◆ **What the exercise asks**
Once the pictures are set aside, reproduce all of the records exactly.

◆ **Data shown**
[Start of Attachment]

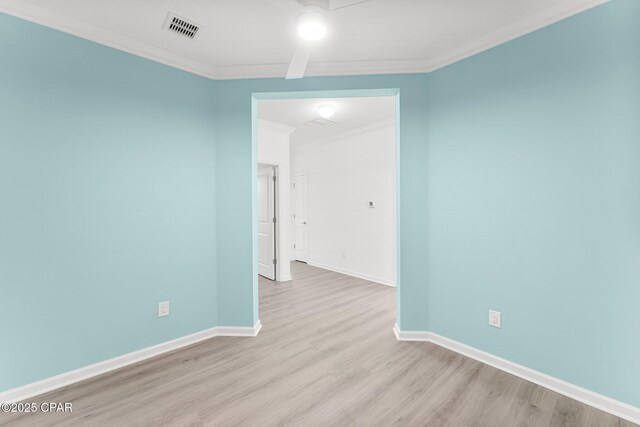 unfurnished room with visible vents, baseboards, ornamental molding, and light wood finished floors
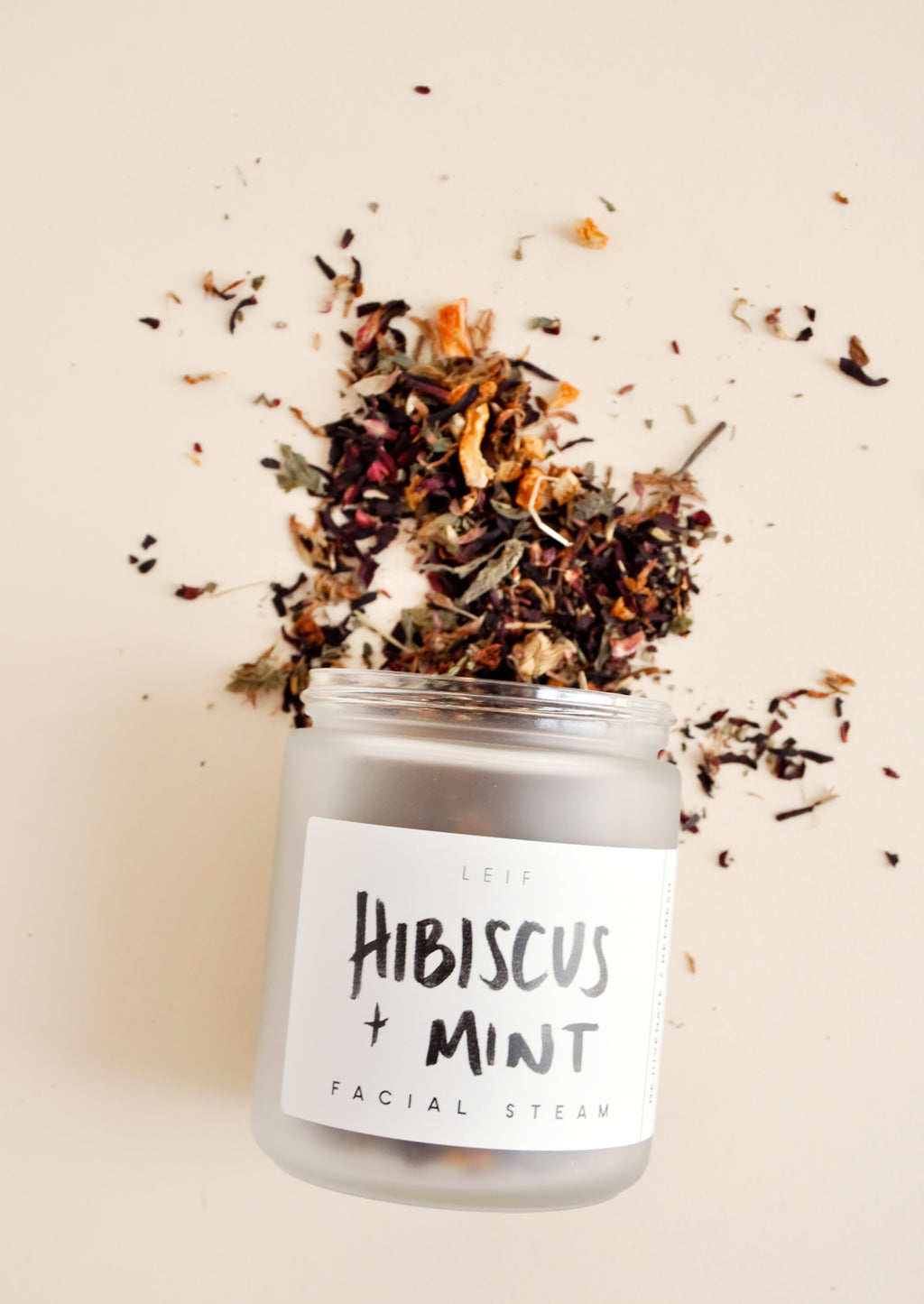1: A small frosted glass jar with a black and white label spilling out a mix of dried flowers. 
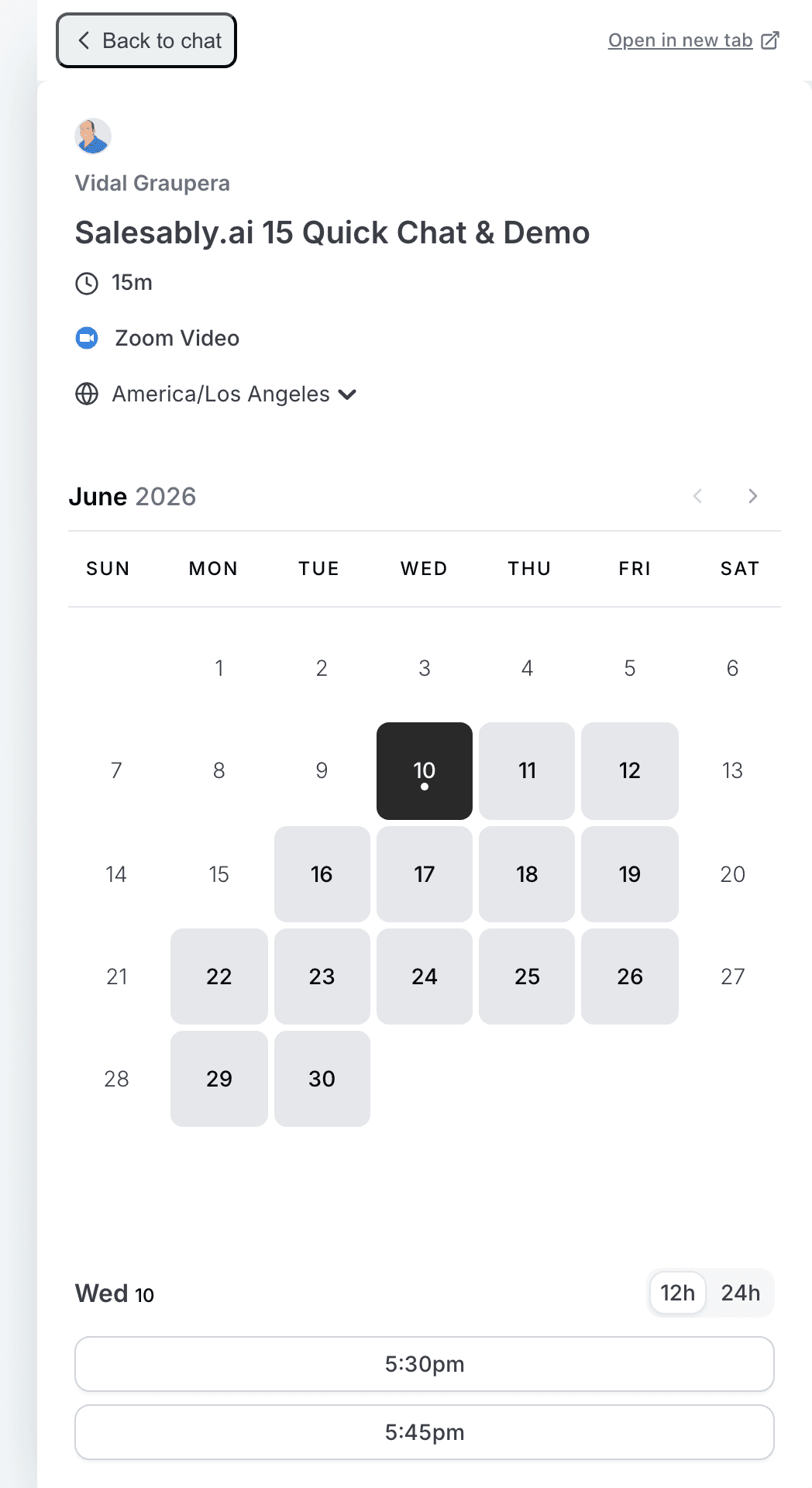 A Cal.com calendar open inside the chat panel for booking a meeting without leaving the conversation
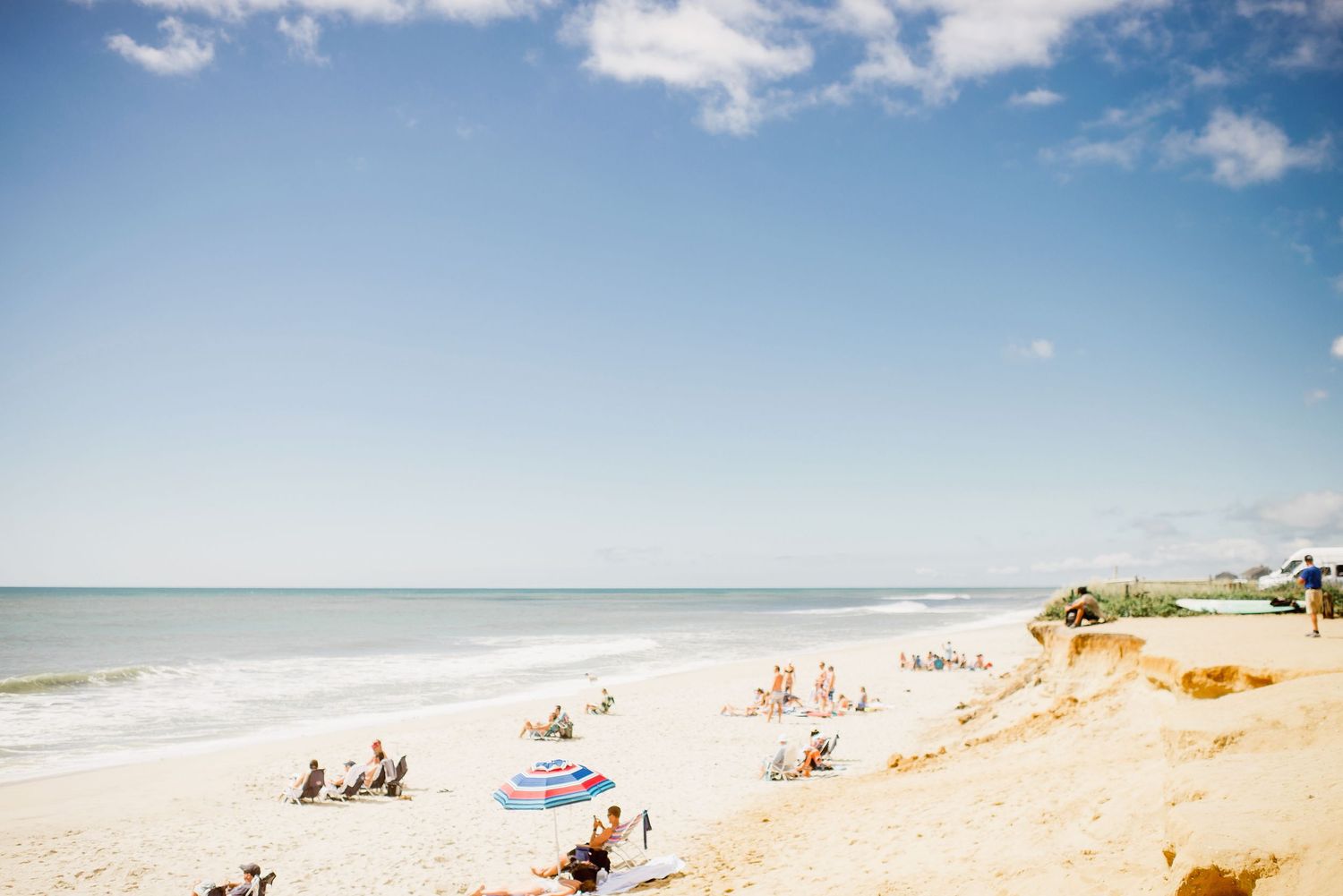 Summer beach scene in Nantucket with sandy shoreline, beach umbrellas, and gentle waves rolling in.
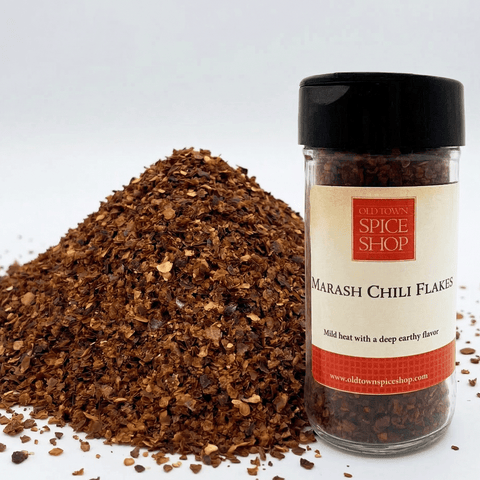 Jar of Old Town Spice Shop Marash Chilli Flakes with a pile of chili flakes on a white background
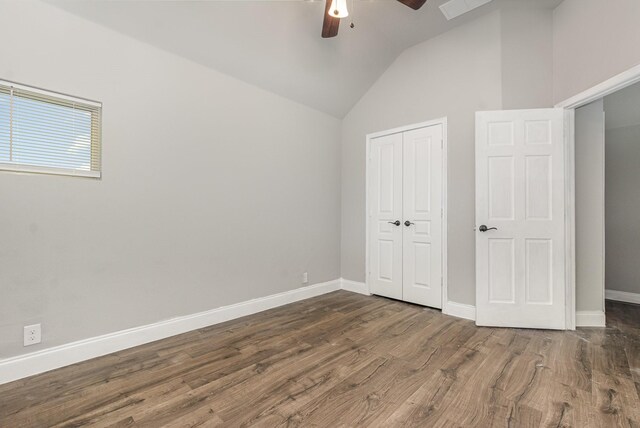 628 Cottage Pl, Lavon, TX 75166 - unfurnished bedroom featuring vaulted ceiling, wood finished floors, a closet, baseboards, and ceiling fan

[End of Attachment]

◆ **Written solution**
 unfurnished room with visible vents, baseboards, ornamental molding, and light wood finished floors
1: A small frosted glass jar with a black and white label spilling out a mix of dried flowers. 
 A Cal.com calendar open inside the chat panel for booking a meeting without leaving the conversation
 Summer beach scene in Nantucket with sandy shoreline, beach umbrellas, and gentle waves rolling in.
 Jar of Old Town Spice Shop Marash Chilli Flakes with a pile of chili flakes on a white background
 628 Cottage Pl, Lavon, TX 75166 - unfurnished bedroom featuring vaulted ceiling, wood finished floors, a closet, baseboards, and ceiling fan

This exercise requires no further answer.